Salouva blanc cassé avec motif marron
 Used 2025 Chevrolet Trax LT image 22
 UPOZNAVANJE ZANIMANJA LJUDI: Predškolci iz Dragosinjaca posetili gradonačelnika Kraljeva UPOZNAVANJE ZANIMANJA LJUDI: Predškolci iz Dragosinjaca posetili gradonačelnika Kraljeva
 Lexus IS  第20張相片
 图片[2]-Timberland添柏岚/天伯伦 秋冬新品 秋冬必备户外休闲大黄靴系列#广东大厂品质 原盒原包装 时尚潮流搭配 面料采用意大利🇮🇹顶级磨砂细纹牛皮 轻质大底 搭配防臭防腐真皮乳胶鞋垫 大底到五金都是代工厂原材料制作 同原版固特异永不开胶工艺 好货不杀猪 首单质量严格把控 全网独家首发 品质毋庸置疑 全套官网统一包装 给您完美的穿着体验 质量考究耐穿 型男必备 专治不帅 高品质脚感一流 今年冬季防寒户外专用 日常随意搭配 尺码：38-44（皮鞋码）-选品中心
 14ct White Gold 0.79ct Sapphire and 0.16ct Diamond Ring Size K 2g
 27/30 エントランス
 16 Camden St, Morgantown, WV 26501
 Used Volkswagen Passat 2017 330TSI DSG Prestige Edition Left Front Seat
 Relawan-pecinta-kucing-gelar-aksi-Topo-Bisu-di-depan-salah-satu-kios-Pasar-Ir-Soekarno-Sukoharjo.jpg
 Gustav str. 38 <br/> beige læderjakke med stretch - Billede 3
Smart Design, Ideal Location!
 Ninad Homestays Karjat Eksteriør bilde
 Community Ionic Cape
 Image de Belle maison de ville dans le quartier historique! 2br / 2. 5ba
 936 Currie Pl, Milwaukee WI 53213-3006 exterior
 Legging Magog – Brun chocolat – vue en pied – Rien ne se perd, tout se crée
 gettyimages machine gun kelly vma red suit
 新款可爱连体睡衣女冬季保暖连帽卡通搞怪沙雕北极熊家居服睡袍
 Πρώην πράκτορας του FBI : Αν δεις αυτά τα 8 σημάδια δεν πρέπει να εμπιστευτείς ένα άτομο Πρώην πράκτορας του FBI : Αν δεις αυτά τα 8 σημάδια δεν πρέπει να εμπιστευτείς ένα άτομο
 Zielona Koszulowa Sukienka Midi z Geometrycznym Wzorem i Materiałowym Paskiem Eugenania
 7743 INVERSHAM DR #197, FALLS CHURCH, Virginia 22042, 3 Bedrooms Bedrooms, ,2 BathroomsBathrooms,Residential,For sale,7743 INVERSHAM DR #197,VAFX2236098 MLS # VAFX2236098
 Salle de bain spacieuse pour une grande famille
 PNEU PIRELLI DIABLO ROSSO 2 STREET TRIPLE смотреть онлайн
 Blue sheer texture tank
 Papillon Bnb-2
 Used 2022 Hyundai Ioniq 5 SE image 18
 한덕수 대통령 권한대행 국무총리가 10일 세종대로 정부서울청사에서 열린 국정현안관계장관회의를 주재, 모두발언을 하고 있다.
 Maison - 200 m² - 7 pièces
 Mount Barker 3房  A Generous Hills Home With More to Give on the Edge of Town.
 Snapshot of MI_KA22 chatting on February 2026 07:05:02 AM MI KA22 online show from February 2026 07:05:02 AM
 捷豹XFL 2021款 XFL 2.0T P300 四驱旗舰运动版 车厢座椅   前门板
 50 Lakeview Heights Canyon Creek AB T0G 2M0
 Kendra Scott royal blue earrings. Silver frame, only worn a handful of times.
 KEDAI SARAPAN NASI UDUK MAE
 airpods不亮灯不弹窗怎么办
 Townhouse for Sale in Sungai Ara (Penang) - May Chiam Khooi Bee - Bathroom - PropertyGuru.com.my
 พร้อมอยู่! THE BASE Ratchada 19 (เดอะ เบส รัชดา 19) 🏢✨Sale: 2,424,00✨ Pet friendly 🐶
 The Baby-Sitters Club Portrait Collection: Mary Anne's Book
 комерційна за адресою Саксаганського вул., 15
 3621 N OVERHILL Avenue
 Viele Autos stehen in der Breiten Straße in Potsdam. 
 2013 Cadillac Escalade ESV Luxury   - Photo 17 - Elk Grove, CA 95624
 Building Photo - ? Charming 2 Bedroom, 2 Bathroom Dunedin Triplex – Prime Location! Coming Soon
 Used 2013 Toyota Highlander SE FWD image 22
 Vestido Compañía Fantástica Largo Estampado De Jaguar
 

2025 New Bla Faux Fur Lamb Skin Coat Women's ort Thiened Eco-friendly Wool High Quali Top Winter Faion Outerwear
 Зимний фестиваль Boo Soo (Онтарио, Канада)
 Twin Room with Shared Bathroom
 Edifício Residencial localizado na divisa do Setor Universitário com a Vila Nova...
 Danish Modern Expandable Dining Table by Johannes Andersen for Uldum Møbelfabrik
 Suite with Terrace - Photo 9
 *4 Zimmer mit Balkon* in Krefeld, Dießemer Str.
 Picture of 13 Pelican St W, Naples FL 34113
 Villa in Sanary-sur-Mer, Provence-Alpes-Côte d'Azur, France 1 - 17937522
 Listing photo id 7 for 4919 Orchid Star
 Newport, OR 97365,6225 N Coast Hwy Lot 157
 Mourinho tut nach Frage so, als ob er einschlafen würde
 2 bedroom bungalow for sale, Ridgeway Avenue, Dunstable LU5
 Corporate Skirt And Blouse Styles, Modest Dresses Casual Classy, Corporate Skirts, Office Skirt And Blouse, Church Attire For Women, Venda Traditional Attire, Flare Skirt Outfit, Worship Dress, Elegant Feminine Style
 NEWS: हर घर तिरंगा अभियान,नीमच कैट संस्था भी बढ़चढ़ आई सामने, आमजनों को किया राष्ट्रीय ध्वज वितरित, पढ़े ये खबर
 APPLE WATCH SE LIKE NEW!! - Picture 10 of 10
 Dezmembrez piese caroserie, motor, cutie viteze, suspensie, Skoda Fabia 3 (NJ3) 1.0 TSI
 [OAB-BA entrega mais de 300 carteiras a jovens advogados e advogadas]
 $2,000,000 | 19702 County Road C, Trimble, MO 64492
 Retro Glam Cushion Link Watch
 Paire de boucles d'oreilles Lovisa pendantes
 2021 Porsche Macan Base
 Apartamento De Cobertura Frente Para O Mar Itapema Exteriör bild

> **Assignment**: Check each line in the records for the word "Picture" and say how many have it, with nothing else.

> **Answer to this problem**: 2